Objective: The aim was to summarise the clinical characteristics of mitochondrial encephalomyopathy, lactic acidosis, and stroke-like episodes (MELAS), evaluate patient survival status, and identify prognostic factors.

Methods: This retrospective study enrolled 150 children with MELAS from 07/2004 to 07/2023. The patients were followed up for a median of 3.37 years (IQR: 2.07-6.16 years). Disease burden was assessed using the Newcastle Pediatric Mitochondrial Disease Scale (NPMDS), and Spearman's correlation coefficient was used to analyse factors affecting disease severity. The Kaplan-Meier and Cox proportional methods were used for survival analysis.

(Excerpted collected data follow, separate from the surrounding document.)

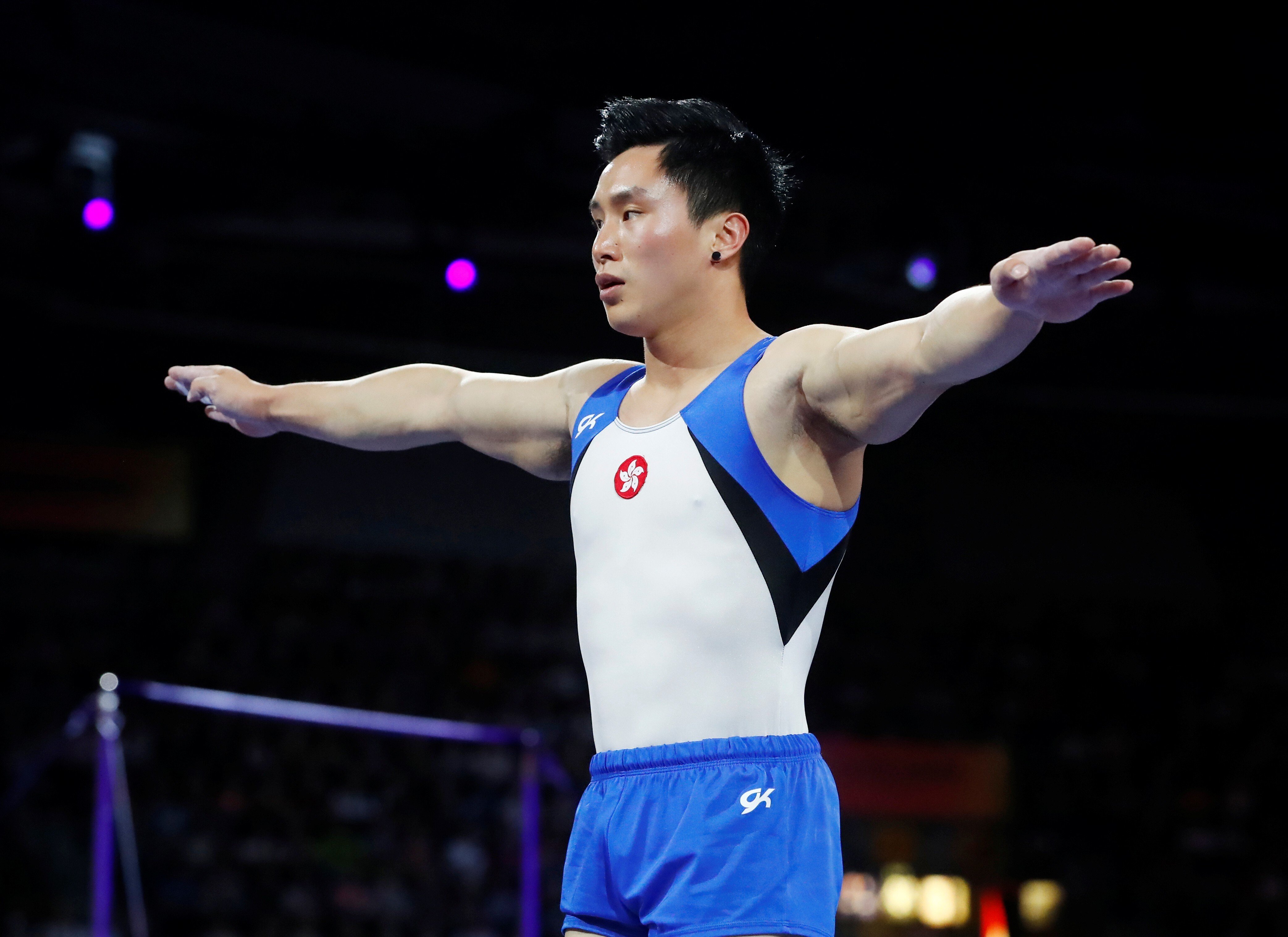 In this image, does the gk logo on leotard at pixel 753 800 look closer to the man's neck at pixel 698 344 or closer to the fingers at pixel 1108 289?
the man's neck at pixel 698 344

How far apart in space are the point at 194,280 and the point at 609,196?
8.27m

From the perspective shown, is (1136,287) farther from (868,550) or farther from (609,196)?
(609,196)

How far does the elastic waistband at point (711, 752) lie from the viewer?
2486 mm

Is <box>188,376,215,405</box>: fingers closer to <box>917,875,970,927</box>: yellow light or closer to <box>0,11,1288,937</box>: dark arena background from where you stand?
<box>0,11,1288,937</box>: dark arena background

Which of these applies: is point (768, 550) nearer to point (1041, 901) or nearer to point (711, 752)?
point (711, 752)

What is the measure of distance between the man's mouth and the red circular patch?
1.16 ft

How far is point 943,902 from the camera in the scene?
450 inches

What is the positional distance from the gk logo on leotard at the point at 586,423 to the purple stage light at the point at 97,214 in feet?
19.4

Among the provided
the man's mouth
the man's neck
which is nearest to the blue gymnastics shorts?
the man's neck

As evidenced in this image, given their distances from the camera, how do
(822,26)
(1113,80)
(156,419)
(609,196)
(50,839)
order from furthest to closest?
1. (156,419)
2. (50,839)
3. (1113,80)
4. (822,26)
5. (609,196)

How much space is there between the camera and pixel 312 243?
33.6 ft

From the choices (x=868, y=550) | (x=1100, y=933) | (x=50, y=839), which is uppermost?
(x=868, y=550)

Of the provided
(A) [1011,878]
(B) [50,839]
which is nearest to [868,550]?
(A) [1011,878]

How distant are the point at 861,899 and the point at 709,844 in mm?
9602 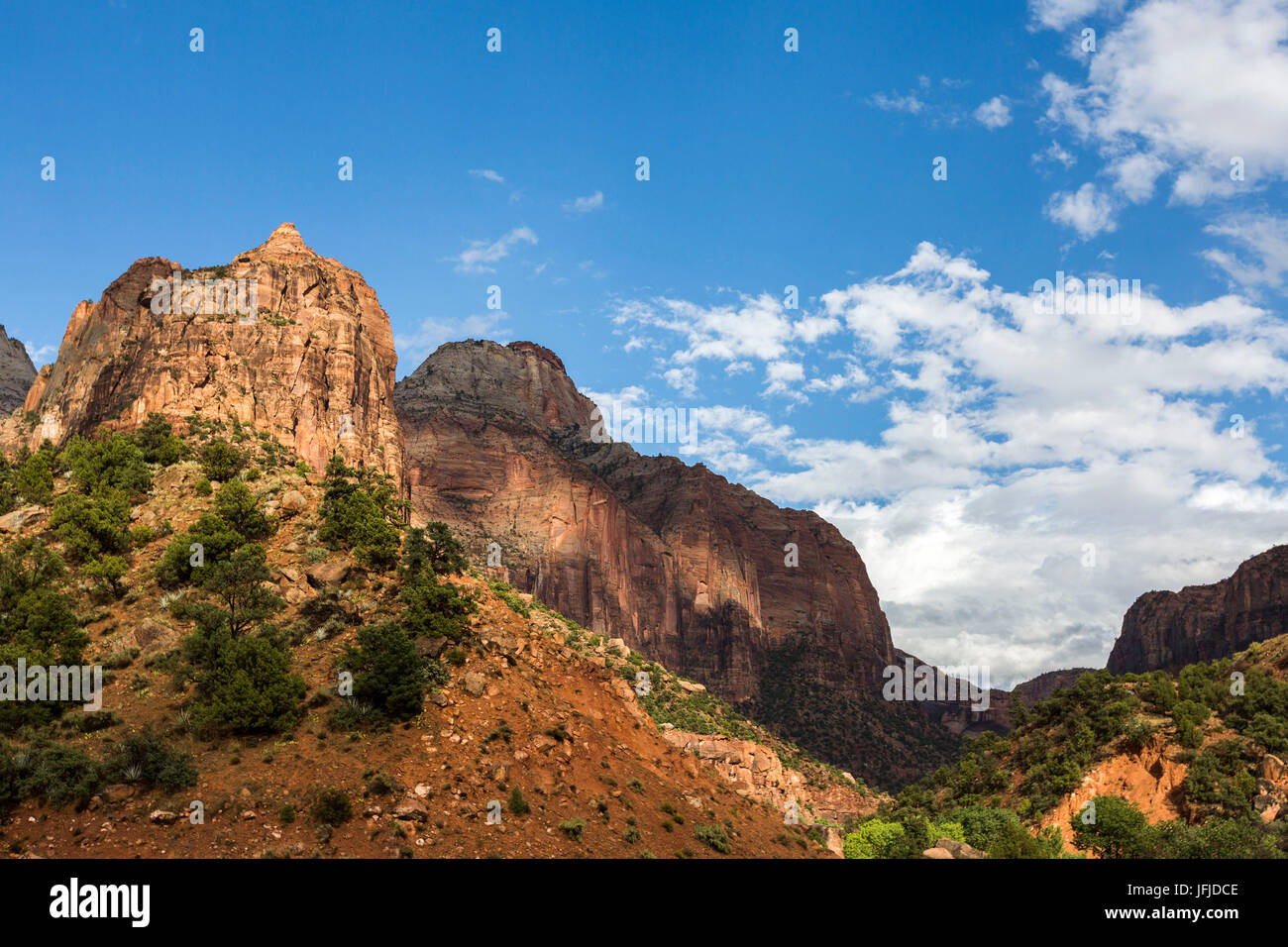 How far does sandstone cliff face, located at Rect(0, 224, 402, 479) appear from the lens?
7031 centimetres

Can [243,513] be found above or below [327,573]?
above

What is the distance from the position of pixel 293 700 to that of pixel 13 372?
149235 mm

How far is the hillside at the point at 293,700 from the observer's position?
26.7 metres

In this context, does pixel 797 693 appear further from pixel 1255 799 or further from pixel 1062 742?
pixel 1255 799

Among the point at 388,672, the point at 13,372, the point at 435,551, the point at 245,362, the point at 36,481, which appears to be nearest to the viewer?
the point at 388,672

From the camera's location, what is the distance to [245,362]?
260 ft

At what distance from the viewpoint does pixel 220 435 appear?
65.6 m

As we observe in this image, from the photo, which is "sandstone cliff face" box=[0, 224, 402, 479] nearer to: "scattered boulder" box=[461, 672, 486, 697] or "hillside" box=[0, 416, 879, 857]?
"hillside" box=[0, 416, 879, 857]

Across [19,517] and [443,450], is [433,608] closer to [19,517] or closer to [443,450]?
[19,517]

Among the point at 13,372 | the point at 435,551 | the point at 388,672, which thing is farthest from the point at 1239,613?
the point at 13,372

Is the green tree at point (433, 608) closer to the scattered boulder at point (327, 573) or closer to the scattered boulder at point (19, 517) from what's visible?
the scattered boulder at point (327, 573)

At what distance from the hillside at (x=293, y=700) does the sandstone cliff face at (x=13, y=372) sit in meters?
103

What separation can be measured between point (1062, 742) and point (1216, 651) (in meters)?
151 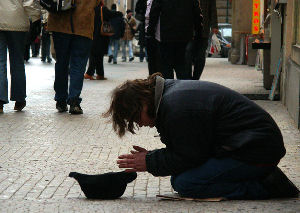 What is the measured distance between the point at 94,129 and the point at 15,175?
258 cm

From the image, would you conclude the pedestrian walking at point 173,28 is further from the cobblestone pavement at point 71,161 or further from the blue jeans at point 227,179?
the blue jeans at point 227,179

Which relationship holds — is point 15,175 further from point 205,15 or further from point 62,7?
point 205,15

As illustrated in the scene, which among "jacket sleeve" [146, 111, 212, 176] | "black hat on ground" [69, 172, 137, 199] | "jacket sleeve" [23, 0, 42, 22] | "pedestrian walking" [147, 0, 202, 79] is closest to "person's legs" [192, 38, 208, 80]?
"pedestrian walking" [147, 0, 202, 79]

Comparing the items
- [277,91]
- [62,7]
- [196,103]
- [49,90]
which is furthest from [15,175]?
[49,90]

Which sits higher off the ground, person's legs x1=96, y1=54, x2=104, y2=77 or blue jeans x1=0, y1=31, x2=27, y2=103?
blue jeans x1=0, y1=31, x2=27, y2=103

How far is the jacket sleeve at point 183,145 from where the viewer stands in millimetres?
4520

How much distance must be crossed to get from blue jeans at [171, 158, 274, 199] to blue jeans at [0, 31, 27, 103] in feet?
17.1

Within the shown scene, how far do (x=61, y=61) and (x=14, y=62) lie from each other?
56cm

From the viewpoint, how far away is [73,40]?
377 inches

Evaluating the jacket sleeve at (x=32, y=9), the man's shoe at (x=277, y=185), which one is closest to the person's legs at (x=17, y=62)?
the jacket sleeve at (x=32, y=9)

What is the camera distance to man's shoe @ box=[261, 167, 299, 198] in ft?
15.5

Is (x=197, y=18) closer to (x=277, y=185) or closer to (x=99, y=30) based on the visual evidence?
(x=277, y=185)

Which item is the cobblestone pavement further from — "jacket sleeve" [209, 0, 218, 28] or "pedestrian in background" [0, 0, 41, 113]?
"jacket sleeve" [209, 0, 218, 28]

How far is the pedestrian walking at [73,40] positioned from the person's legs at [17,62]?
1.29ft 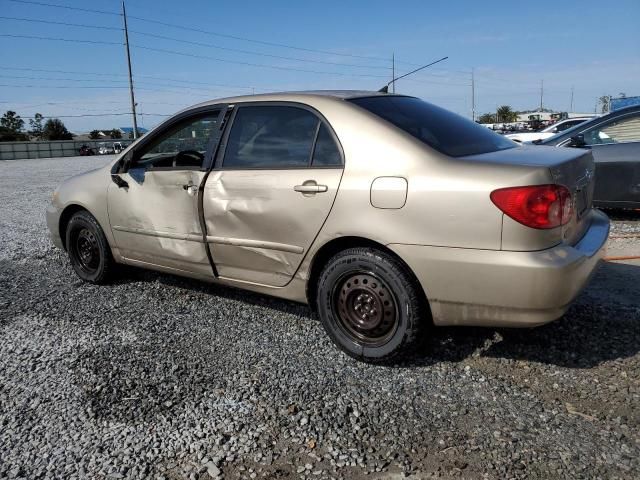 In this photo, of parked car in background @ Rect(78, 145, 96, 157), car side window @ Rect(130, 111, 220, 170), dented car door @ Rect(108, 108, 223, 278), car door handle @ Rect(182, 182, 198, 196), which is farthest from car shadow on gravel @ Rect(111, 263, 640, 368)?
parked car in background @ Rect(78, 145, 96, 157)

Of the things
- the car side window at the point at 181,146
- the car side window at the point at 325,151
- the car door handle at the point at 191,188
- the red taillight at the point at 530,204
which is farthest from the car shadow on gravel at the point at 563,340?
the car side window at the point at 181,146

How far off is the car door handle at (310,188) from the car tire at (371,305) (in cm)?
40

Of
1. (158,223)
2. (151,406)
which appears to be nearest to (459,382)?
(151,406)

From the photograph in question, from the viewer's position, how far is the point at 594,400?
2.66 meters

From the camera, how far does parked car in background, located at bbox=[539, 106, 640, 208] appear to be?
6367 mm

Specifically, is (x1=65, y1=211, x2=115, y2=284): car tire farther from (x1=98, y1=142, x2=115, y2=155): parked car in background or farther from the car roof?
(x1=98, y1=142, x2=115, y2=155): parked car in background

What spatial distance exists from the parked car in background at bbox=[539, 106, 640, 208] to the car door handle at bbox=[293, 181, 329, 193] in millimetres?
4793

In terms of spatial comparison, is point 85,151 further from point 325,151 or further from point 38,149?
point 325,151

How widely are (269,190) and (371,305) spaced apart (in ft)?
3.20

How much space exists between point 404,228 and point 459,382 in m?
0.90

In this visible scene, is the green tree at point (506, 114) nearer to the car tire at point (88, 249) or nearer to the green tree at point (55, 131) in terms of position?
the green tree at point (55, 131)

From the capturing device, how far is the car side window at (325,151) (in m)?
3.16

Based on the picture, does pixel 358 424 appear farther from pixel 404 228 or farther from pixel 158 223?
pixel 158 223

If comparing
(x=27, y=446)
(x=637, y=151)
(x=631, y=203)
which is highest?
(x=637, y=151) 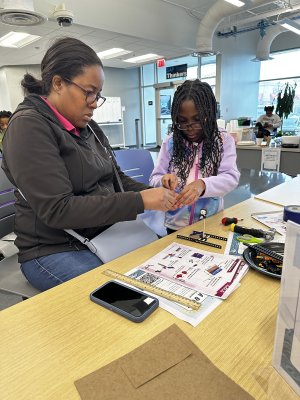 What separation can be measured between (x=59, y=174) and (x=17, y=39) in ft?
17.9

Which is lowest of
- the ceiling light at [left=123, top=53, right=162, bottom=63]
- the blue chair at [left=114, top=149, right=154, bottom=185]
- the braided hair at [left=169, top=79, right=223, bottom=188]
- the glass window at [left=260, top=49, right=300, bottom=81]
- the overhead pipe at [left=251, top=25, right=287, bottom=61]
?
the blue chair at [left=114, top=149, right=154, bottom=185]

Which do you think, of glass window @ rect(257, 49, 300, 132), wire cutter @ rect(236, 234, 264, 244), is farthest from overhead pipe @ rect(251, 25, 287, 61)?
wire cutter @ rect(236, 234, 264, 244)

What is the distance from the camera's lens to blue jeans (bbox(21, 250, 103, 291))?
2.93ft

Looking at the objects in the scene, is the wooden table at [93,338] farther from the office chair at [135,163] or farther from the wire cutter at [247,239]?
the office chair at [135,163]

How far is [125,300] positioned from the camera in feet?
2.17

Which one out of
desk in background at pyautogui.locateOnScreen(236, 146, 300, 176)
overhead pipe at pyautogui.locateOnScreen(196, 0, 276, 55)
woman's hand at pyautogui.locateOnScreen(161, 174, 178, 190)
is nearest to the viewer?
woman's hand at pyautogui.locateOnScreen(161, 174, 178, 190)

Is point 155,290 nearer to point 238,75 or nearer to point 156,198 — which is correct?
point 156,198

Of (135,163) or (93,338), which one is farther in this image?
(135,163)

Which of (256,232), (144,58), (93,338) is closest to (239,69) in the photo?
(144,58)

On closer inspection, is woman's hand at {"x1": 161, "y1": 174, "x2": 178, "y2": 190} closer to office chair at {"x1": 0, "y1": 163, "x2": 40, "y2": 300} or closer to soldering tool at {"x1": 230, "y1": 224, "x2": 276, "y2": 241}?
soldering tool at {"x1": 230, "y1": 224, "x2": 276, "y2": 241}

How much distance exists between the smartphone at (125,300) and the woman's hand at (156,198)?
1.01ft

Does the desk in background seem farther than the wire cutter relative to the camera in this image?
Yes

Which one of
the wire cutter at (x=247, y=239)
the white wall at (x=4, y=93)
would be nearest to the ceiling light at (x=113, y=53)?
the white wall at (x=4, y=93)

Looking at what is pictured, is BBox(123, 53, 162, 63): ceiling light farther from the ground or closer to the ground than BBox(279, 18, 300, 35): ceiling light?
closer to the ground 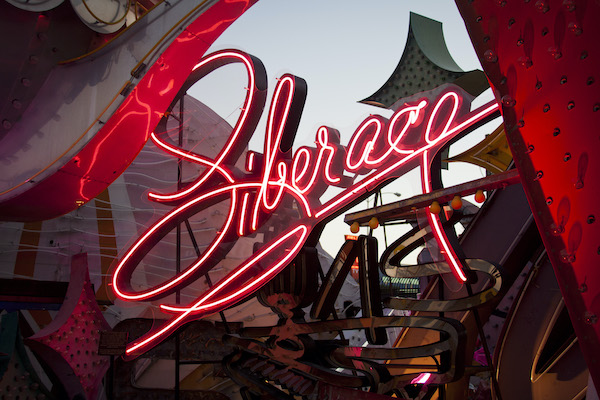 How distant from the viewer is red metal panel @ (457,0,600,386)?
1.88 metres

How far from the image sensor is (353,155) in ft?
19.3

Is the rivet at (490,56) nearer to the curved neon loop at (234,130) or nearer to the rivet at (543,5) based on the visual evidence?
the rivet at (543,5)

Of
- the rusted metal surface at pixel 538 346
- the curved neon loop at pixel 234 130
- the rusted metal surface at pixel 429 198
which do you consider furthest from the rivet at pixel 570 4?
the curved neon loop at pixel 234 130

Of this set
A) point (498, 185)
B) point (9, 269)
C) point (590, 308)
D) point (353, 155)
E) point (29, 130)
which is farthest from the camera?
point (9, 269)

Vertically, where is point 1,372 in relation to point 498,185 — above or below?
below

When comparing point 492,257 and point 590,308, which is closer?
point 590,308

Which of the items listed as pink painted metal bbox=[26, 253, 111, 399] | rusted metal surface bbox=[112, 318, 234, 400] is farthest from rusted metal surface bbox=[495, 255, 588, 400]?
pink painted metal bbox=[26, 253, 111, 399]

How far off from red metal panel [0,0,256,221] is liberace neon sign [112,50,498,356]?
572mm

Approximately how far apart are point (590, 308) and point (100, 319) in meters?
7.39

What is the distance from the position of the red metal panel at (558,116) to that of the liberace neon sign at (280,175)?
2.63 meters

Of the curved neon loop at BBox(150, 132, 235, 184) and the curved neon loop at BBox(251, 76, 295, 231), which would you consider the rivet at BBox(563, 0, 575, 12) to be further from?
the curved neon loop at BBox(150, 132, 235, 184)

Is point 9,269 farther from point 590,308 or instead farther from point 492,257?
point 590,308

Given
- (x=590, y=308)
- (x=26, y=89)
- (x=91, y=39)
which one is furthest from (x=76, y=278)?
(x=590, y=308)

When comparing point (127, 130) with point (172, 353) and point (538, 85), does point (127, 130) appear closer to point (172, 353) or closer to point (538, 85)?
point (172, 353) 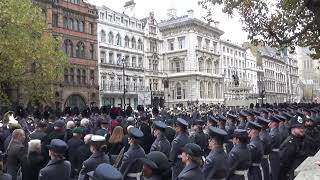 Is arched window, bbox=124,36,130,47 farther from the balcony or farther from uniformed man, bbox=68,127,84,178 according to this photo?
uniformed man, bbox=68,127,84,178

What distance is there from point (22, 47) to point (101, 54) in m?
26.2

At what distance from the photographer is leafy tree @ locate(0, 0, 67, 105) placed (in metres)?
28.8

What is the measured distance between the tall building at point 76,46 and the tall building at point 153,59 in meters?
13.6

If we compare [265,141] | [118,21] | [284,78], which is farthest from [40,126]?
[284,78]

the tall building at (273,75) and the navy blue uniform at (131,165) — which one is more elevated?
the tall building at (273,75)

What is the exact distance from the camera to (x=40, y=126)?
12.0 meters

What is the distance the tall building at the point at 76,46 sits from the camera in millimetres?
47875

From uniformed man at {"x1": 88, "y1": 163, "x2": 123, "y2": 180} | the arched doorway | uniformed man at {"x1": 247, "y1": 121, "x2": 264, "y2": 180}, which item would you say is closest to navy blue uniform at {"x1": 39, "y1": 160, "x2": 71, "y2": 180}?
uniformed man at {"x1": 88, "y1": 163, "x2": 123, "y2": 180}

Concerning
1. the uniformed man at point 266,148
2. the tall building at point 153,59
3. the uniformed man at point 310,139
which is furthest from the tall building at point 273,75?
the uniformed man at point 266,148

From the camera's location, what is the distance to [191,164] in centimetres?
627

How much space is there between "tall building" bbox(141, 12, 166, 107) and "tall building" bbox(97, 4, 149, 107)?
71.9 inches

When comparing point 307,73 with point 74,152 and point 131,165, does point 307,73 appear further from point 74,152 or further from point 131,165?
point 131,165

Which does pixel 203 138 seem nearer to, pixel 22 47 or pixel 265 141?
pixel 265 141

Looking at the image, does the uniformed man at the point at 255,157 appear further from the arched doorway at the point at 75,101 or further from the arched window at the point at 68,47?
the arched window at the point at 68,47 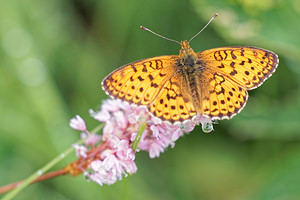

Results: Overall, 150 patients (73 male) were enrolled, of whom 118 were followed up and 22 died. The mean age at onset was 8.2 years (0.4-15.3), and stroke-like episodes were the most common initial symptoms (54%). Among the surviving patients, 78 completed the NPMDS (mean score: 23.6 ± 6.7 points), and 71.8% (56/78) had moderate-to-severe disease (NPMDS score ≥ 15 points). The NPMDS score was positively correlated with disease duration (r = 0.41, P < 0.001) and negatively correlated with age at onset (r =  -0.26, P < 0.01). Among 48 patients who received long-term oral L-arginine and anti-seizure medications (ASMs), 56.3% (27/48) experienced reductions in seizures and stroke-like episodes. The 10- and 15-year survival rates were 65.3% and 34.5%, respectively. Muscle weakness was an independent risk factor for death (HR = 4.83, 95% CI 1.32-17.68; P = 0.017).

Conclusions: This study had the largest cohort and longest follow-up of pediatric MELAS. Early onset was associated with severe disease, while muscle weakness was associated with a worse prognosis. Early identification and effective management of stroke-like episodes and seizures are crucial to reduce the disease burden.